## WHAT TO DO
Please restate the records that follow word for word, omitting any images.

## MATERIAL PROVIDED
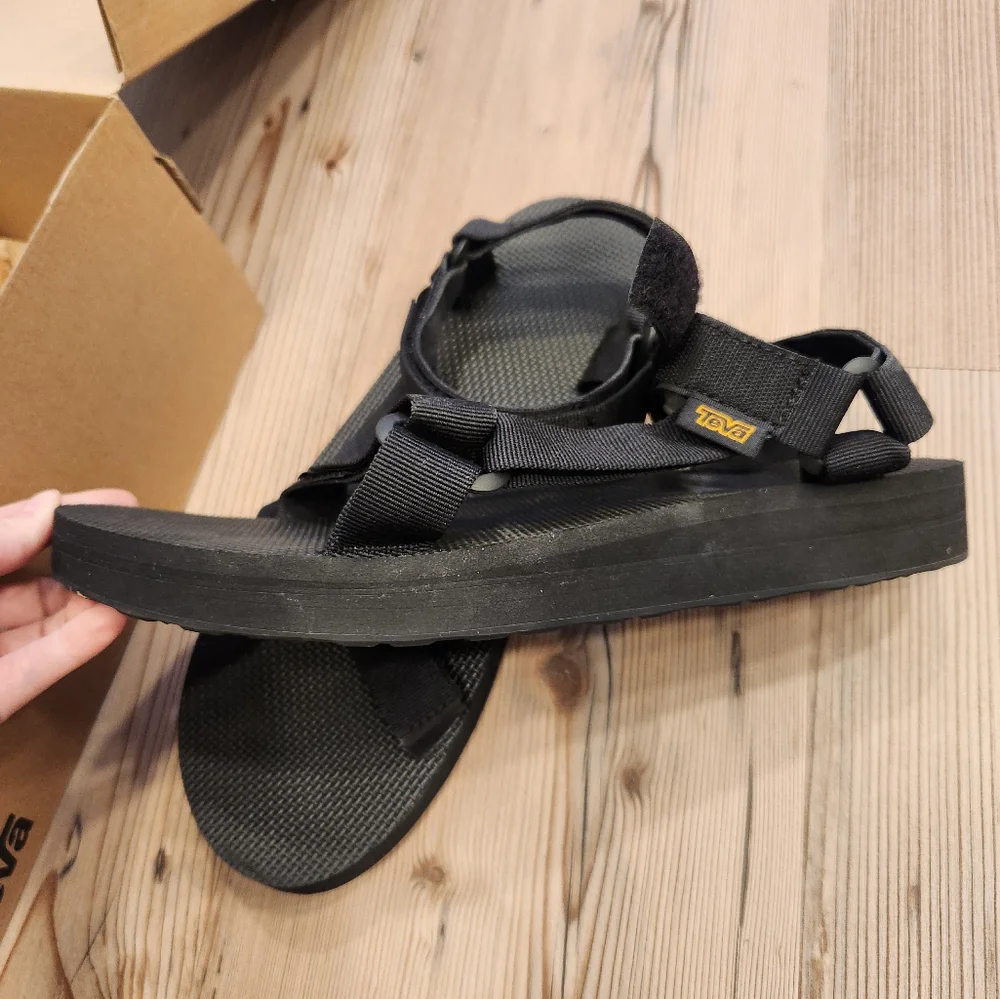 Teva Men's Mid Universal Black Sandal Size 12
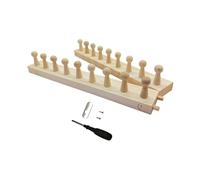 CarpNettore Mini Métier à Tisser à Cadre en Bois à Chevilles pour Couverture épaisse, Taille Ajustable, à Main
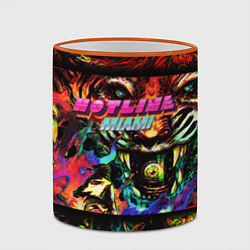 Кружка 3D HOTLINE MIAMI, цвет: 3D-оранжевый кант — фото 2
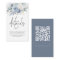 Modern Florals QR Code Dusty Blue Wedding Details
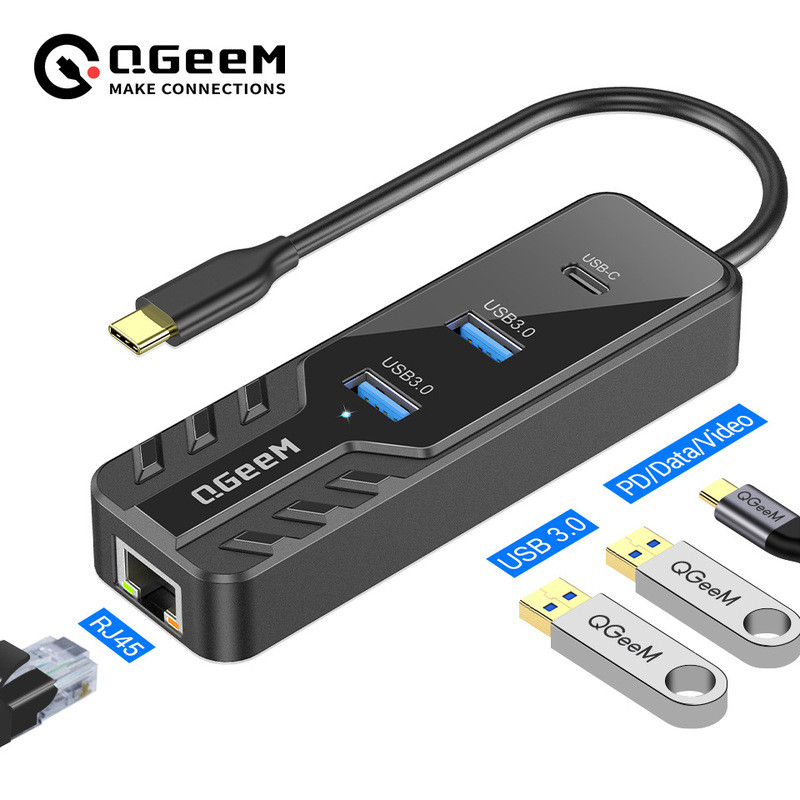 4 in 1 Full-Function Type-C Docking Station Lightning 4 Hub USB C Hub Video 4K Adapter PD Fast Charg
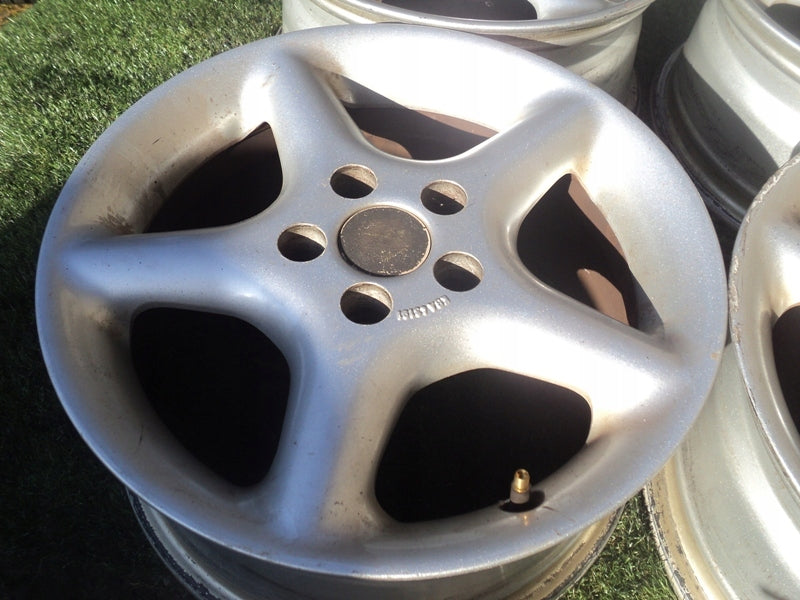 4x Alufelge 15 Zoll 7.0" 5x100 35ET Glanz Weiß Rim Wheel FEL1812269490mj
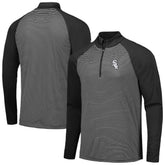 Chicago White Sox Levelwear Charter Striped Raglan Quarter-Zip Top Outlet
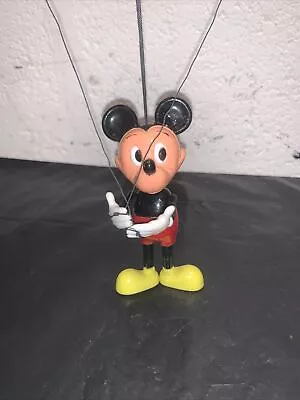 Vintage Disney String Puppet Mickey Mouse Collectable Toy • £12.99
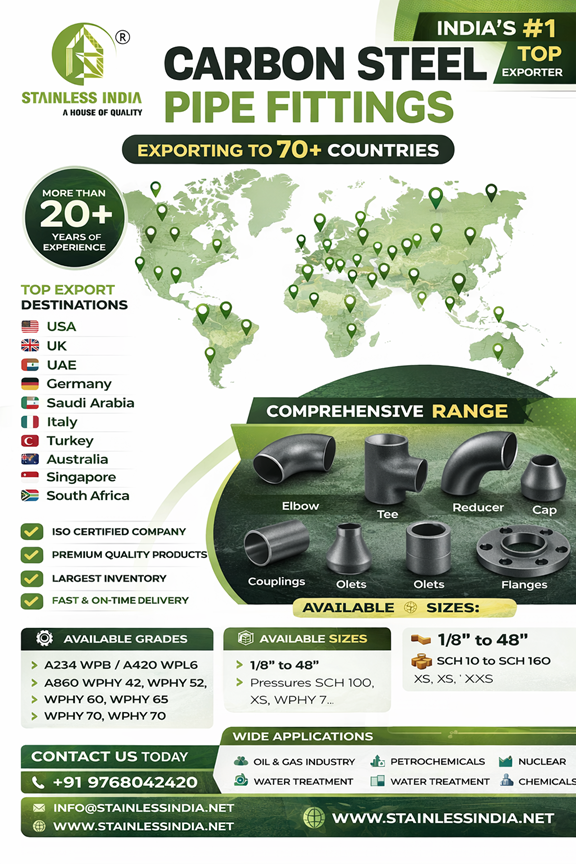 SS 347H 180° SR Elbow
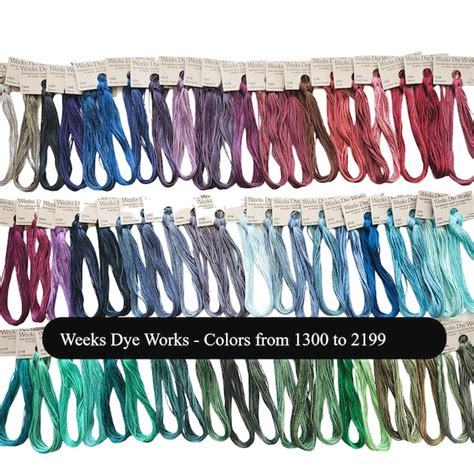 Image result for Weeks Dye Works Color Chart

## RESPONSE TO THIS EXERCISE
 Teva Men's Mid Universal Black Sandal Size 12
 CarpNettore Mini Métier à Tisser à Cadre en Bois à Chevilles pour Couverture épaisse, Taille Ajustable, à Main
 Кружка 3D HOTLINE MIAMI, цвет: 3D-оранжевый кант — фото 2
 Modern Florals QR Code Dusty Blue Wedding Details
 4 in 1 Full-Function Type-C Docking Station Lightning 4 Hub USB C Hub Video 4K Adapter PD Fast Charg
 4x Alufelge 15 Zoll 7.0" 5x100 35ET Glanz Weiß Rim Wheel FEL1812269490mj
 Chicago White Sox Levelwear Charter Striped Raglan Quarter-Zip Top Outlet
 Vintage Disney String Puppet Mickey Mouse Collectable Toy • £12.99
 SS 347H 180° SR Elbow
 Image result for Weeks Dye Works Color Chart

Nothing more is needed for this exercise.